New in version 0.1.7.

class quapy.classification.calibration.BCTSCalibration(classifier, val_split=5, n_jobs=None, verbose=False)

Bases: RecalibratedProbabilisticClassifierBase

Applies the Bias-Corrected Temperature Scaling (BCTS) calibration method from abstention.calibration, as defined in Alexandari et al. paper:

  • classifier – a scikit-learn probabilistic classifier

  • val_split – indicate an integer k for performing kFCV to obtain the posterior prevalences, or a float p in (0,1) to indicate that the posteriors are obtained in a stratified validation split containing p% of the training instances (the rest is used for training). In any case, the classifier is retrained in the whole training set afterwards. Default value is 5.

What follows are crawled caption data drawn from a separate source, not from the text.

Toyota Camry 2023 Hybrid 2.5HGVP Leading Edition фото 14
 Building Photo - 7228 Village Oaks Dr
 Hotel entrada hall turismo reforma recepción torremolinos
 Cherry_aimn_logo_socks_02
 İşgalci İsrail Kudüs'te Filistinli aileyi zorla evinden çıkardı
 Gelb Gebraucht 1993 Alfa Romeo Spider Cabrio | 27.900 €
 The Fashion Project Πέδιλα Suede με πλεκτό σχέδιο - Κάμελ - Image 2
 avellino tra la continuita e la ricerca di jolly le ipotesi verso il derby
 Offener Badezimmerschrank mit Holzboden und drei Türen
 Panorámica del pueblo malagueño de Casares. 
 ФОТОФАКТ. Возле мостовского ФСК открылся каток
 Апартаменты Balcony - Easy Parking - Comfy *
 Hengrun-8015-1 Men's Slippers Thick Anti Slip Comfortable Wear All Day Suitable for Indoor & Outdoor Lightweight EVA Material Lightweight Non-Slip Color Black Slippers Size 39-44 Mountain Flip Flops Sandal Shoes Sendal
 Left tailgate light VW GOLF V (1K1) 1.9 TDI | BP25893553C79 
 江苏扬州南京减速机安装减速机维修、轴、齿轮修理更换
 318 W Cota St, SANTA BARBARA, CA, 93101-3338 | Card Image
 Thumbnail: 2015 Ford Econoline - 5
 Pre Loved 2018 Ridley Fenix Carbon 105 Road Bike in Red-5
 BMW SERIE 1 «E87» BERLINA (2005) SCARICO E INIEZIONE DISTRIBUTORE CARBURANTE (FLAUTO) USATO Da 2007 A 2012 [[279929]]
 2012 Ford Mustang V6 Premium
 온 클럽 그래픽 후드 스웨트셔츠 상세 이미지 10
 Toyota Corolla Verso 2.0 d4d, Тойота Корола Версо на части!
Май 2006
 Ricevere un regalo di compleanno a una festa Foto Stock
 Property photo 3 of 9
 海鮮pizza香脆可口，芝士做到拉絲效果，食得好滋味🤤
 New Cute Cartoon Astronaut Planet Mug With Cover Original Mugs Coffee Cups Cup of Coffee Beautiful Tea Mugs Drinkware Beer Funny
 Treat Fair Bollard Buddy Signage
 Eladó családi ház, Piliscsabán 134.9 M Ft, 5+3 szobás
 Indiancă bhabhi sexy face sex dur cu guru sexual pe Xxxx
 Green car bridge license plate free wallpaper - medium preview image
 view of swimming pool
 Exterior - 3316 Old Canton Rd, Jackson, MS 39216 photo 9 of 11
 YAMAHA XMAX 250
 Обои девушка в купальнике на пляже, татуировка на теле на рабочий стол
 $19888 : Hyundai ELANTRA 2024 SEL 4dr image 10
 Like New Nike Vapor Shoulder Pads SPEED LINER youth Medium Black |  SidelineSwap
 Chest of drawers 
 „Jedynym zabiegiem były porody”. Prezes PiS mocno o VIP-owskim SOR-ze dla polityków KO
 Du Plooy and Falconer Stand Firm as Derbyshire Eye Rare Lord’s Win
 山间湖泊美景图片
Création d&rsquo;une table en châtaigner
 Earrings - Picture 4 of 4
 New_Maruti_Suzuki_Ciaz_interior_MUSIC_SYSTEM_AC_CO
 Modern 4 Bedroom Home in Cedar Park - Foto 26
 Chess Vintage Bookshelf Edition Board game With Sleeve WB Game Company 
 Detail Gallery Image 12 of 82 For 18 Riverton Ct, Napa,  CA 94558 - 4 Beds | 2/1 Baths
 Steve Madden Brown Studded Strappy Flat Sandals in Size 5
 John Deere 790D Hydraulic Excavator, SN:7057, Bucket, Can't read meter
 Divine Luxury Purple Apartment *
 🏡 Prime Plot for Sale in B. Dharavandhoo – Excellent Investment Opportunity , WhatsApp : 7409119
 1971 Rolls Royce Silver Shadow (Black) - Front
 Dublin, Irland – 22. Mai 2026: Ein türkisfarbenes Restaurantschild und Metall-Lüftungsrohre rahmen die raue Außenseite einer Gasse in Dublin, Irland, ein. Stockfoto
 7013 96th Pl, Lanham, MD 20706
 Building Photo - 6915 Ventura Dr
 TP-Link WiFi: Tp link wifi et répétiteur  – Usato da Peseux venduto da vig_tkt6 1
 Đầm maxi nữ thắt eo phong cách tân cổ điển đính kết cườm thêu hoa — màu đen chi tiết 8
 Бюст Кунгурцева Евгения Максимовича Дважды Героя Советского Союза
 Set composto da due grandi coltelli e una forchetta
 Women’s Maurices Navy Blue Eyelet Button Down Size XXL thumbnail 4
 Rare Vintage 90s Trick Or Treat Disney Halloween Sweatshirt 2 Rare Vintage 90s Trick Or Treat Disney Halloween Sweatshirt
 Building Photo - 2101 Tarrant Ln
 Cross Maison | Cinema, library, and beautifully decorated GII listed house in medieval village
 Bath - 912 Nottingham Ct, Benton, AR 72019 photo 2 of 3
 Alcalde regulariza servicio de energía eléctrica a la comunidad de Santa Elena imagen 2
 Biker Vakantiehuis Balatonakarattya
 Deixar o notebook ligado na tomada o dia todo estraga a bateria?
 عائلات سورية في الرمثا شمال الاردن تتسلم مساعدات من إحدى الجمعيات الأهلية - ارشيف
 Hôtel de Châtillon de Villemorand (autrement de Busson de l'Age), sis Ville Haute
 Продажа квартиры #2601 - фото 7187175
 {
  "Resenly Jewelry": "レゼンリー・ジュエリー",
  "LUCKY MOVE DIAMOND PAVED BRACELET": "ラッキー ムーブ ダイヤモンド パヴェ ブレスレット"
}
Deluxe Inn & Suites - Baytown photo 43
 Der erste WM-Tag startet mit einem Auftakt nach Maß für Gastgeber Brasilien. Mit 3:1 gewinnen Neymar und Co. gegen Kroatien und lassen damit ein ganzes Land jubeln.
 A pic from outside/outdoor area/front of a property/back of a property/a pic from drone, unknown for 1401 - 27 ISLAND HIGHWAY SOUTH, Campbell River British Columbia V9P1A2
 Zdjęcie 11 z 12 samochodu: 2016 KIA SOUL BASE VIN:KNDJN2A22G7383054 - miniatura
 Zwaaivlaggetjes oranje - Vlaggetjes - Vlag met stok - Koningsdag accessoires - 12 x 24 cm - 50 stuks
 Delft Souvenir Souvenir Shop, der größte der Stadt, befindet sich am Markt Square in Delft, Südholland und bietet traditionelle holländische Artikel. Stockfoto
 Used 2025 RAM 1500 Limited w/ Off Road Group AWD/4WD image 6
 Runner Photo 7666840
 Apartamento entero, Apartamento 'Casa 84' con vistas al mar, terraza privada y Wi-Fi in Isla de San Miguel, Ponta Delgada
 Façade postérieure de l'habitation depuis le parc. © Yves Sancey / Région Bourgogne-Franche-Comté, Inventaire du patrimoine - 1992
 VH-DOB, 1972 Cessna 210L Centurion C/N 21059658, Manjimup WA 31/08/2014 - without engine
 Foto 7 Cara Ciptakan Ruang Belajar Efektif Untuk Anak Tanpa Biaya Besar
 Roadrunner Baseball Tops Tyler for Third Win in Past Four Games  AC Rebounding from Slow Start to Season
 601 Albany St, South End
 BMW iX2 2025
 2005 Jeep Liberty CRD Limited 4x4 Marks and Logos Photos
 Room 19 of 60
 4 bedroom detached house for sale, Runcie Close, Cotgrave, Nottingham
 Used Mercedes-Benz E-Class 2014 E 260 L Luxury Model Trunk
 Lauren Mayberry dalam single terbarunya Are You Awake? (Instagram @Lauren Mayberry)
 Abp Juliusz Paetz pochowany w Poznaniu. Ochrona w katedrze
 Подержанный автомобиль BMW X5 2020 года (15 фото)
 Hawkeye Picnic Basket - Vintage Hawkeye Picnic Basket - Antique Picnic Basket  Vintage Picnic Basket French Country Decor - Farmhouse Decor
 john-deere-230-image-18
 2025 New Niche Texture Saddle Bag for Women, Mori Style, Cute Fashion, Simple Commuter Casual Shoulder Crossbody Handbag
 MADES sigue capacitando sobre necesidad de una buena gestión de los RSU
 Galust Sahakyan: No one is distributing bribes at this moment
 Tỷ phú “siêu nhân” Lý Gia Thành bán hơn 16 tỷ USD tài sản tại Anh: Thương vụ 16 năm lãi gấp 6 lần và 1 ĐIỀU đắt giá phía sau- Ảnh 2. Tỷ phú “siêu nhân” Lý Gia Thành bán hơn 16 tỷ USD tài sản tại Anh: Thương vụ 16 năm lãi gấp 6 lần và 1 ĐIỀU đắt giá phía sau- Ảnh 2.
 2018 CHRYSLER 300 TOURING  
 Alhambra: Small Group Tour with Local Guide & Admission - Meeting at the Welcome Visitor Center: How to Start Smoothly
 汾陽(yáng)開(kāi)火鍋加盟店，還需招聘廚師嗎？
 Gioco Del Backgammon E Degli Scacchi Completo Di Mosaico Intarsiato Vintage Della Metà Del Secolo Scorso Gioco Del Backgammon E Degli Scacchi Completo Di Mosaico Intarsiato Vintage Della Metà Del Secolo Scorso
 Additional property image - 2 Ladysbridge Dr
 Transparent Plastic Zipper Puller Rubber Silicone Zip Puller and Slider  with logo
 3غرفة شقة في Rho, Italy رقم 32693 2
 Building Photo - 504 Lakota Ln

  • n_jobs – indicate the number of parallel workers (only when val_split is an integer)

  • verbose – whether or not to display information in the standard output

class quapy.classification.calibration.NBVSCalibration(classifier, val_split=5, n_jobs=None, verbose=False)

Bases: RecalibratedProbabilisticClassifierBase

Applies the No-Bias Vector Scaling (NBVS) calibration method from abstention.calibration, as defined in Alexandari et al. paper:

  • classifier – a scikit-learn probabilistic classifier

  • val_split – indicate an integer k for performing kFCV to obtain the posterior prevalences, or a float p in (0,1) to indicate that the posteriors are obtained in a stratified validation split containing p% of the training instances (the rest is used for training). In any case, the classifier is retrained in the whole training set afterwards. Default value is 5.

  • n_jobs – indicate the number of parallel workers (only when val_split is an integer)

  • verbose – whether or not to display information in the standard output

class quapy.classification.calibration.RecalibratedProbabilisticClassifier

Bases: object

Abstract class for (re)calibration method from abstention.calibration, as defined in Alexandari, A., Kundaje, A., & Shrikumar, A. (2020, November). Maximum likelihood with bias-corrected calibration is hard-to-beat at label shift adaptation. In International Conference on Machine Learning (pp. 222-232). PMLR.:

class quapy.classification.calibration.RecalibratedProbabilisticClassifierBase(classifier, calibrator, val_split=5, n_jobs=None, verbose=False)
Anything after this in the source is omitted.